Landscape Urbanism @ MOCA
The nifty thing about a blog is that I can defy chronological order. Linear time? Nah! I’ve been meaning to post about a landscape urbanism lecture I attended last Friday (and, separately, a happy hour about advancing Cleveland last Thursday). Apologies for the tardiness- it has taken me a little longer to pull my thoughts together on this.
The Landscape Urbanism::After the Post-Industrial City lecture was sponsored by the Museum of Contemporary Art – Cleveland and the architecture/design school at Kent State University. It featured an architect and a landscape architect, both from Milan, Italy. I had a bit of a hard time understand their accents so I assume I missed out on a lot of good stuff, but their imagery and basic concepts were excellent.
Essentially, they had been charged with creating a master plan for Milan. Oh, the opportunity! They focused especially on the “greening” of a post-industrial city. Sounds familiar? There’s a reason why they were invited to Cleveland! Their basic concept was the “green ray.” Eight greenways radiated out from the city center with the goal of making the city more permeable and more connected to the parks. I now am envisioning green rays radiating westerly, southerly, and easterly out from Voinovich park next to the Rock Hall for Cleveland… e.g., Euclid Ave but even greener.

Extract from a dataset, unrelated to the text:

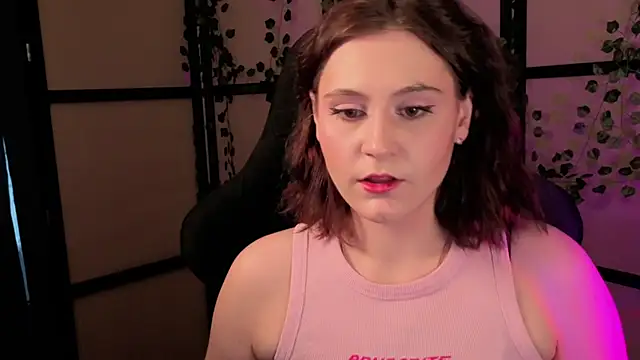 Snapshot of Diana_Flower chatting on 03-19-26, 12:20 Diana Flower online show from 03-19-26, 12:20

Other gems I gleaned: design the landscape THEN the architecture; utilize microprojects; the goal is “not to project – to protect” (no more sprawl); make the inner city *new* so that it draws people back (can’t offer the old one still); informal planning flowing into formal strategy; and marketing/branding of one’s vision. To speak more about the last ‘gem’ there, they hired retirees to travel the proposed routes for their green ray project and to record their experiences in a diary. The diaries were complied and then published. What an innovative way to do the traditional ‘site visit’ with fresh eyes and to simultaneously build support!